Shares of E*Trade (ETFC) - Get Report slumped Friday after a disappointing earnings report, with one analyst suggesting the online trading platform could be an ideal acquisition target amid industry consolidation.
E*Trade's stock price fell 1.93% to $45.18 a share as investors digested the company's fourth-quarter earnings fizzle.
E*Trade reported earnings of 76 cents a share, falling short of forecasts that called for earnings of 81 cents.
The online trading company, which relies heavily on retail investors, posted earnings of $172 million, compared with $270 million, or $1.06 a share during the same period in 2018.

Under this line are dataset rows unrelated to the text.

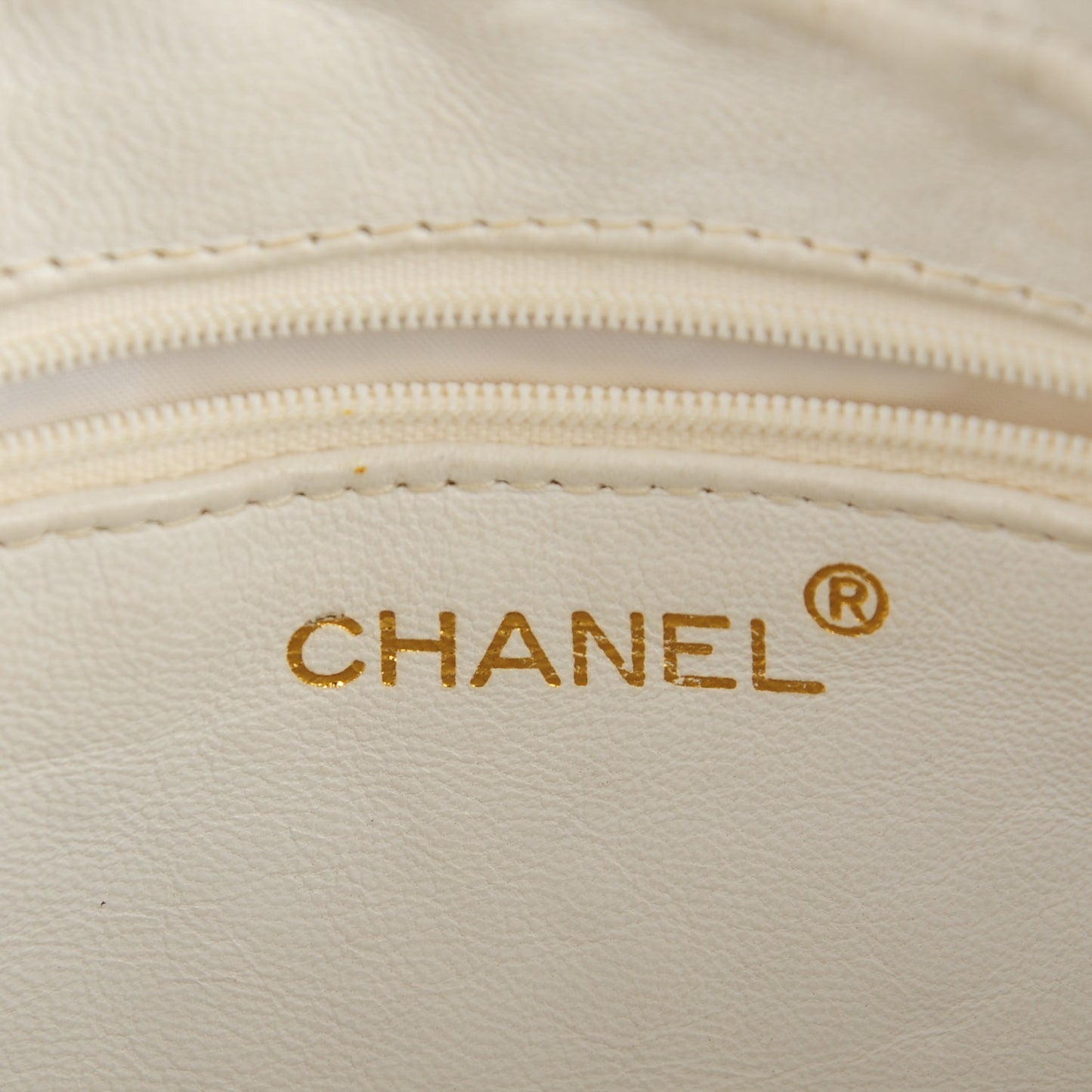 Lambskin Quilted Tassel Camera Case White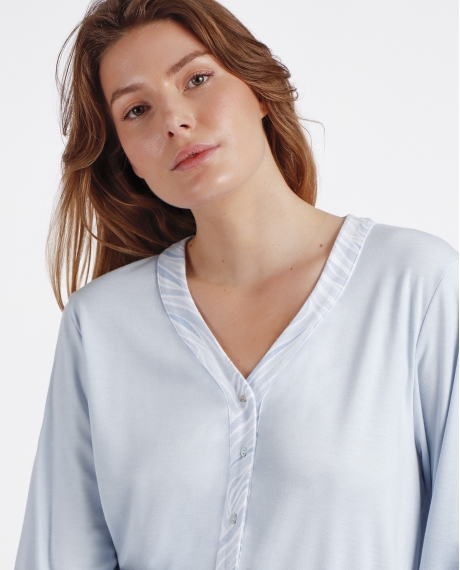 ADMAS CLASSIC Pijama Tapeta Manga Larga Soft Forever Together para Mujer CIELO 2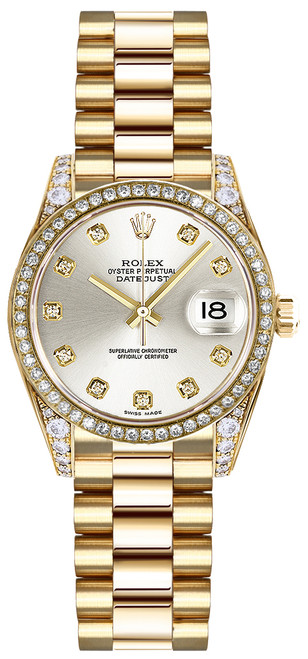 ROLEX Lady-Datejust 26 Silver Diamond Women
S Watch 179158 Image 1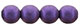 Round Beads 6mm (loose) : Metallic Suede - Purple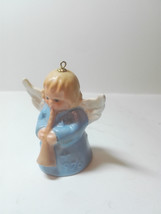 Goebel angel bell ornament W. Germany 1976 playing a horn - $16.35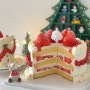 크림치즈프로스팅, 크리스마스 딸기 케이크 홈베이킹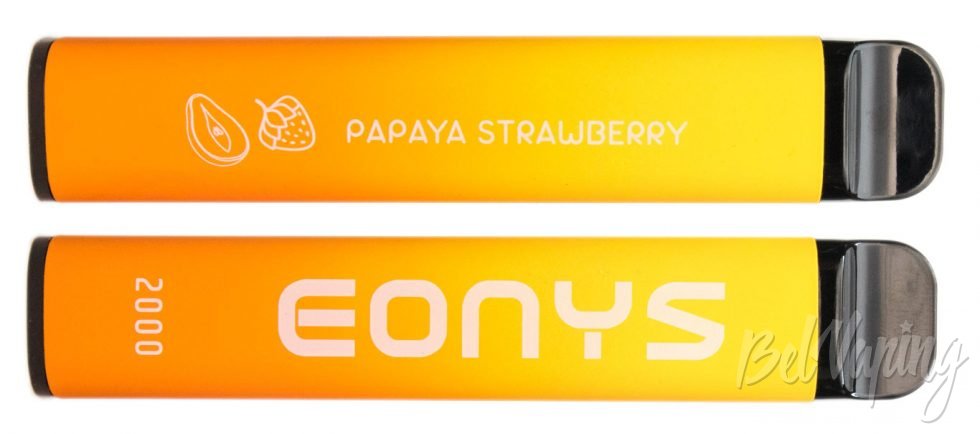 Одноразки EONYS 2000 - вкус PAPAYA STRAWBERRY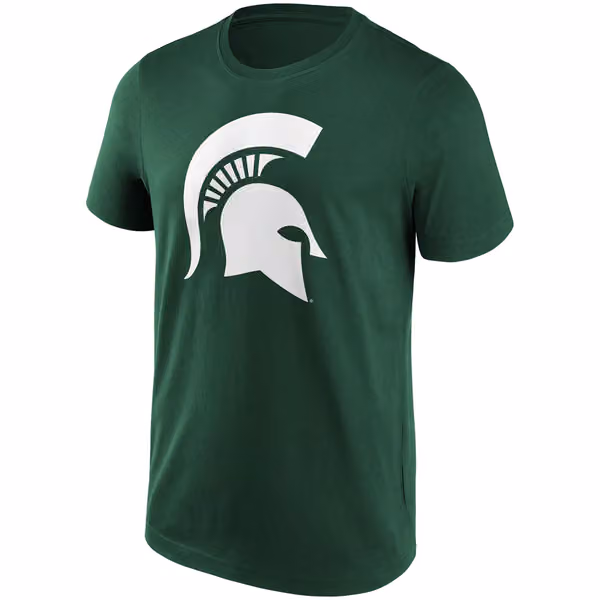 Michigan State Spartans Primary Logo NCAA T-Shirt Green view 1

While revenue beat analysts' expectations, it also dropped to $679 million from $735 million in the fourth quarter of 2018 amid intense industry consolidation, with competitor Charles Schwab (SCHW) - Get Report, which is in talks to acquire TD Ameritrade (AMTD) - Get Report, slashing its trading fees.
In a research note, Raymond James' analyst Patrick O'Shaughnessy raised the possibility that E*Trade might make a tempting acquisition target for a bank.
The Raymond James analyst maintained his outperform rating on the online trading company's stock, with a price target of $50.
Also relatively bullish on E*Trade was Credit Suisse, which hiked its price target to $62, up from $60, implying a potential upside of more than 25%.
Meanwhile, Morgan Stanley analyst Michael Cyprys sees good news in E*Trade's big push into the registered investment advisory business for its competitor, Charles Schwab. As E*Trade ramps up its efforts to compete in this sector, it could ease federal antitrust regulators' concerns that Schwab's proposed acquisition of Ameritrade may be anticompetitive.